We can also use the `.` that we talked about earlier to explicitly indicate the current directory:

In [None]:
dot_doc_path = pathlib.Path("./my_essay.docx")

Which is the same thing:

In [None]:
print(dot_doc_path == doc_path)

(Note the use of `==` (double equals sign) in the above; in Python, the `==` operator tests for *equality*)

### Data storage structure for research projects

With a bit more knowledge about how data is stored on media such as hard drives, we can start to think about how you might like to structure the data that you require to run your study and are produced from running your study. Things like directory structure and filename conventions are a very important part of running reliable experiments.

Unfortunately, there are very few standardised ways of approaching the development of a data storage structure.
This is likely due to the heterogeneity of the studies that are conducted, but everyone ends up doing things in different ways.

One exception is in the neuroimaging (e.g., fMRI) research area, who have recently proposed a standard called the "Brain Imaging Data Structure" (BIDS).
Here is an example image from their paper describing the standard ([The brain imaging data structure, a format for organizing and describing outputs of neuroimaging experiments](http://www.nature.com/articles/sdata201644)):

![BIDS layout example](https://media.nature.com/lw926/nature-assets/sdata/2016/sdata201644/images_hires/sdata201644-f1.jpg)

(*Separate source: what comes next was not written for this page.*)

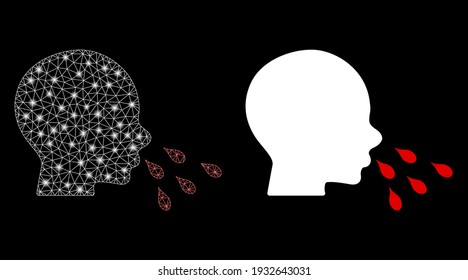 Bright mesh sneezing man with glow effect. Abstract illuminated model based on sneezing man icon. Shiny wire frame polygonal mesh sneezing man. Vector abstraction on a black background.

On the left is a depiction of the filesystem 'tree' for the raw data that is produced by the scanning instrument.
Note the lack of meaning in the file and directory names.

On the right is a depiction of the filesystem 'tree' after the raw data has been converted into the BIDS format.
Note the meaningful hierarchy and file and directory names.

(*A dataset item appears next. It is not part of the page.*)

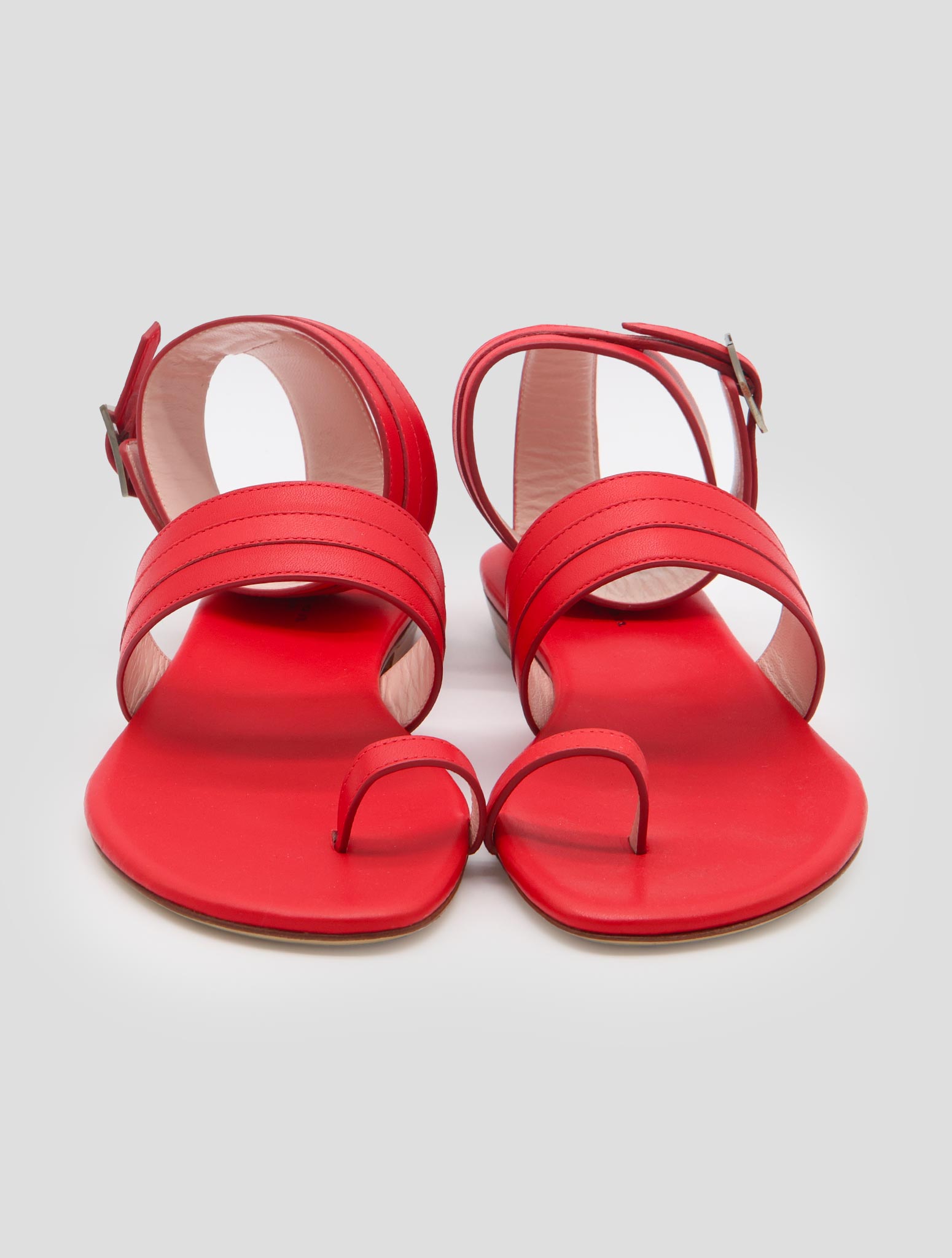 Kiton  Red Leather Sandals Women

The upside is that the structure of this data can be readily interpreted if it is in BIDS format.
It could be easily shared with other researchers, but it also helps the primary research team ensure that the data is all stored correctly.

Note that they also have made available custom Python code ([pybids](https://bids-standard.github.io/pybids/)) for working with BIDS-structured data.
This can be installed and `import`ed to make its functionality available.

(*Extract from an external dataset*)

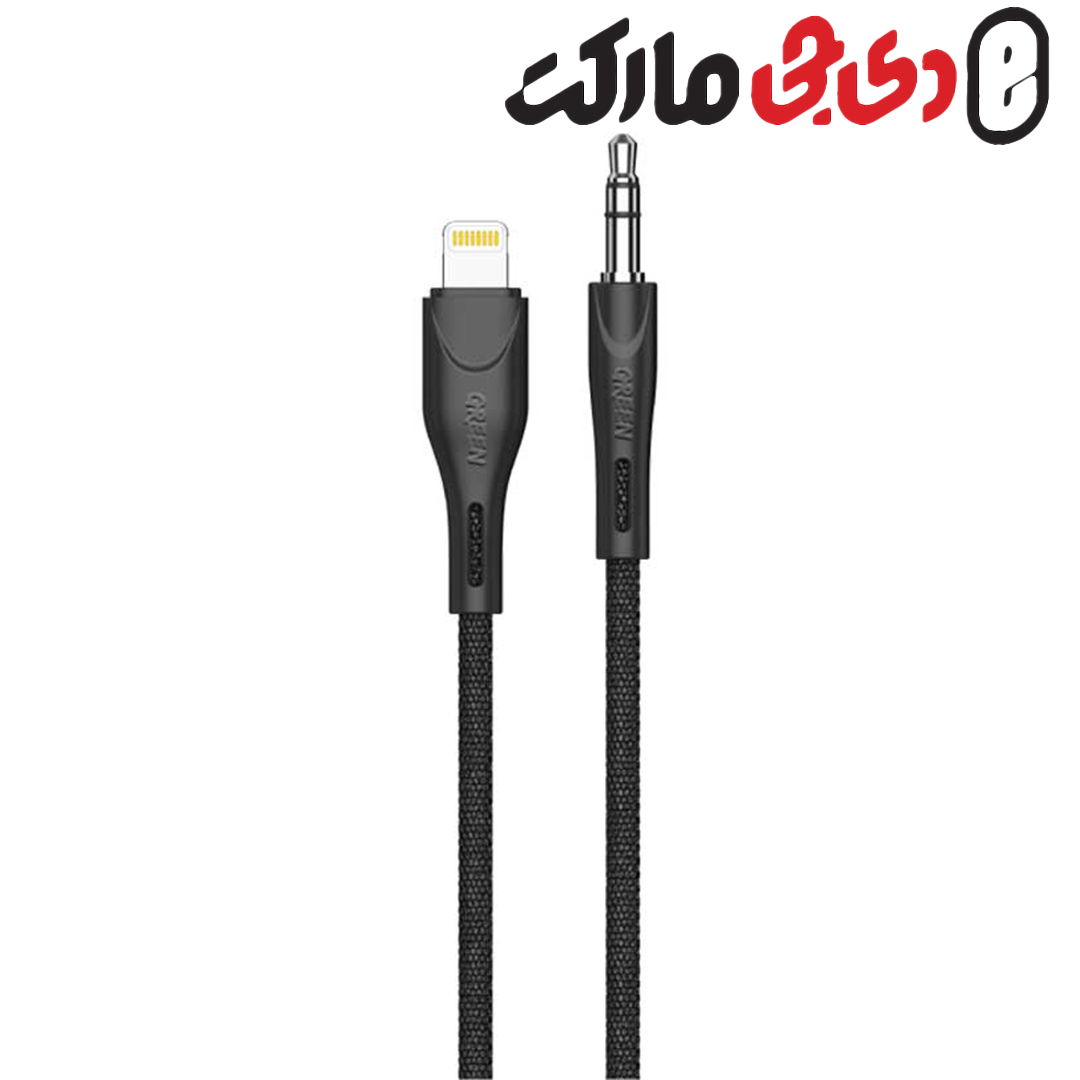 کابل صدای لایتنینگ به جک 3.5 میلی‌متری گرین مدل Green AUX 3.5 to Lightning Cable 1.2M 2.4A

There is some more general advice in the [Project organization](https://journals.plos.org/ploscompbiol/article?id=10.1371/journal.pcbi.1005510#sec009) section of [Good enough practices in scientific computing](https://doi.org/10.1371/journal.pcbi.1005510).
In particular, have a look at their 'Box 3' for an example filesystem layout.

Another example comes from a minor discussion in [Minimizing Mistakes in Psychological Science](https://journals.sagepub.com/doi/full/10.1177/2515245918801915) (emphasis mine):

> A well-organized lab should have a specified organizational structure. Particular attention should be given to the following: standardization of experimental metadata, **standardization of folder-naming conventions**, and standardization in versioning. Standardization in metadata means that all records of all experiments should look similar. The lab should have a standard format for recording information on, for example, participants, sessions, and IRB protocols. Of course, variables differ across experiments, but standardization of the naming conventions across experiments is always helpful. **Likewise, we find it helpful to have a standardized naming convention across directories and files so that future understanding of projects is seamless.**

#### Exercise

Have a think about the data storage approach you will take for your internship study, and produce a mockup of a potential filesystem 'tree'.

Some questions to consider:

* Are there any examples from other projects in the lab to look at? For example, there might be a shared lab folder with current or past projects.
* Are there particular ethical requirements for the data associated with your study? Note that this is not just in the data produced, but also in the data required&mdash;some face image databases are protected, for example.
* Is the size of the data relevant for how you might structure your tree? Some research (including some of mine) involves hundreds of GB of data.
* Say you come back to your project a year later. Would you be able to look at your tree and be able to understand what the data corresponds to?